Part of what motivates this Beltway fixation on secrecy is an ignoble attribute of human nature, or at least an attribute of a certain common psyche. The more exclusive a club is, the more privileged someone feels to belong to it. The fewer people with access to certain information, the more special those who have been granted access to it -- Beltway insiders and source-pleasing journalists -- believe themselves to be.
Francis Bacon's now-clichéd-though-still-true observation that "knowledge is power" means that the more ignorant the rabble are kept about what Beltway rulers are doing, the more powerful Beltway rulers and their underlings become. Hence, Beltway insiders cherish their secrecy (and though it's amazing in one sense, it should thus come as no surprise that Miller is actually a career journalist -- someone who therefore, in theory, ought to cheer when government officials disclose what they see, not think of ways to empower political officials to legally suppress it).

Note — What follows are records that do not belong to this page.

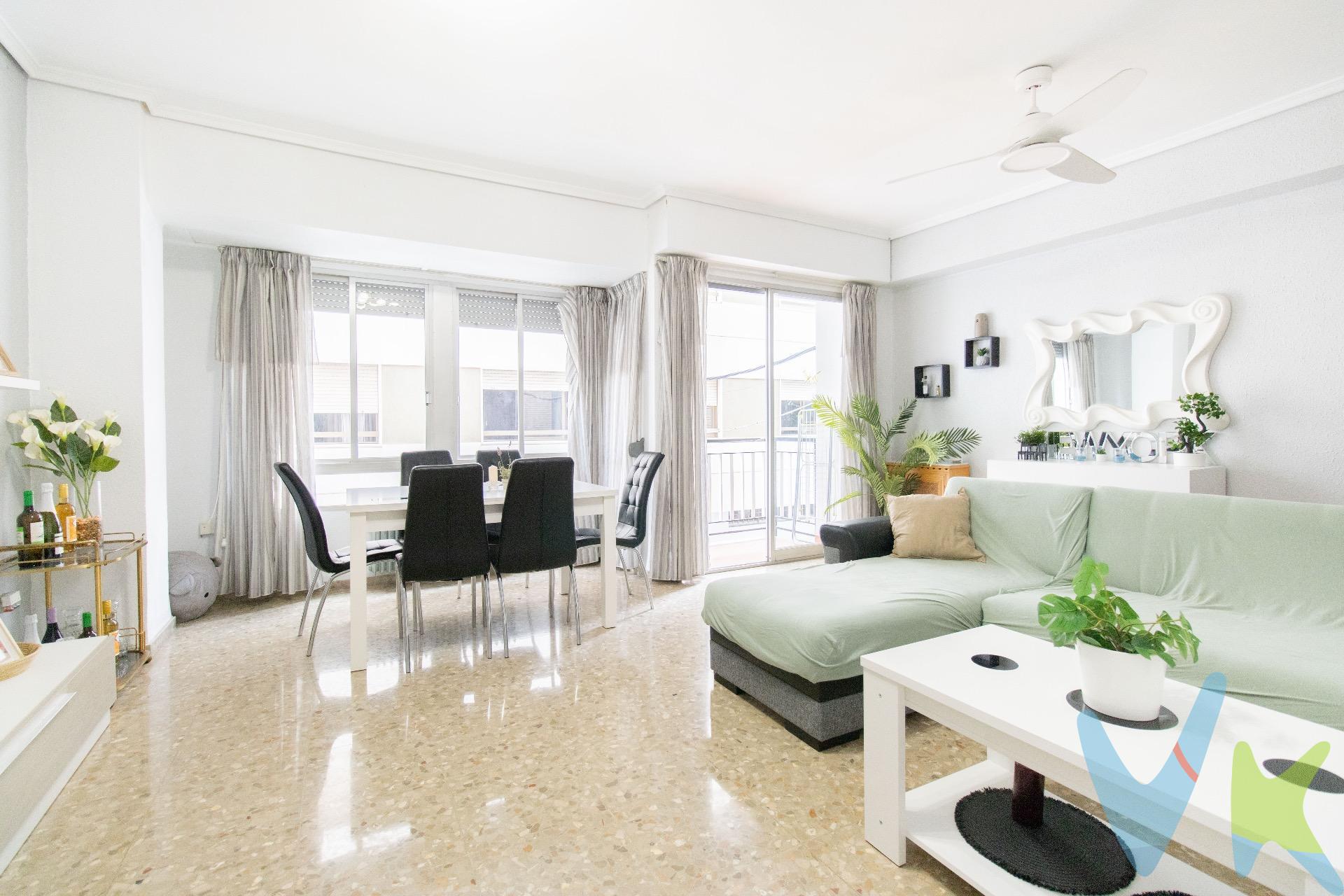Nueva propiedad a la venta en Burriana. Tenemos una vivienda situada en la primera planta de una finca en una de las mejores zonas de Burriana. . Se trata de un piso de casi 120 metros útiles, distribuido de la siguiente manera. El acceso se realiza a un hall de la vivienda y a lo largo de todo el pasillo se van encontrando las estancias. . Tenemos 4 habitaciones dobles y dos cuartos de baño completos, uno de ellos en suite. La cocina es independiente con galería del salón el cual tiene un gran tamaño y da lugar a dos espacios diferentes, zona de star y zona para comer. Además tiene un balcón. . La vivienda está lista para entrar a vivir. . Pídenos tu visita.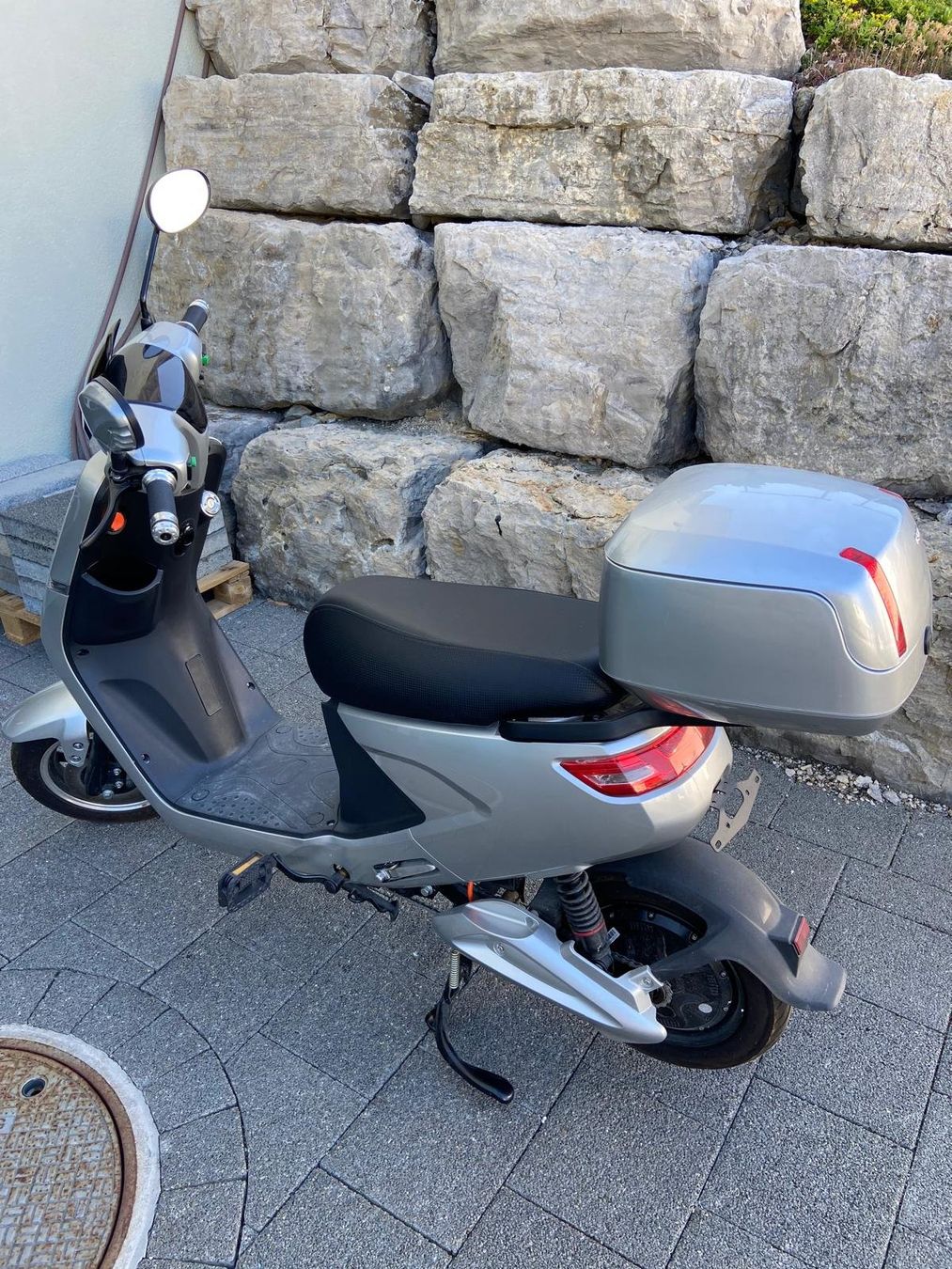 Voiturettes électriques: Elektroroller silber guter Zustand mit Topcase – D'occasion à Oberbipp par Houdi76 2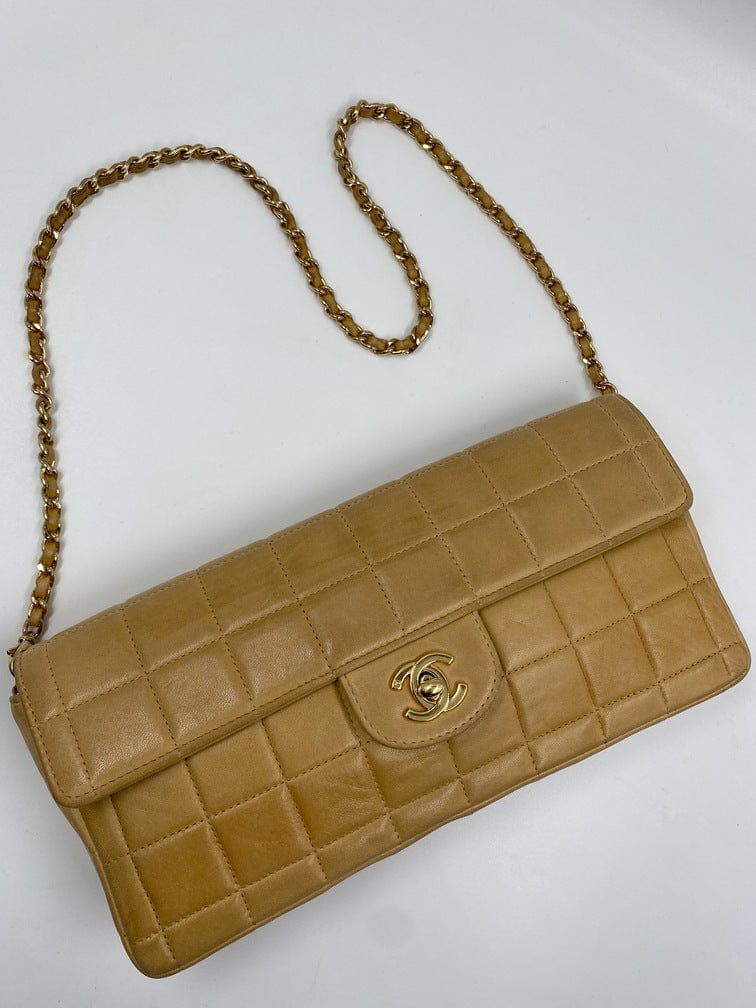 CHANEL Vintage Chocolate Bar Shoulder Bag | A Retro Tale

As much as we need anything else, we need a massive reduction in government secrecy and a massive increase in transparency. Obama himself (as well as, ironically, CAP's President and Obama tranistion chief John Podesta) has repeatedly said as much:
"People from every State in this great Nation sent us to Congress to defend their rights and stand up for their interests," Sen. Obama said in a prepared floor statement. "To do that we have to tear down the barriers that separate citizens from the democratic process and to shine a brighter light on the inner workings of Washington."
It's hard to know how widespread Miller's desire for still-greater secrecy is -- could anyone even imagine a Senior Fellow at CAP proposing this while Bush was President? -- but however widespread it is, this mentality should be vigorously combated whenever it rears its anti-democratic head. As a top priority, the wall of secrecy erected around our Government needs to be severely eroded, not fortified.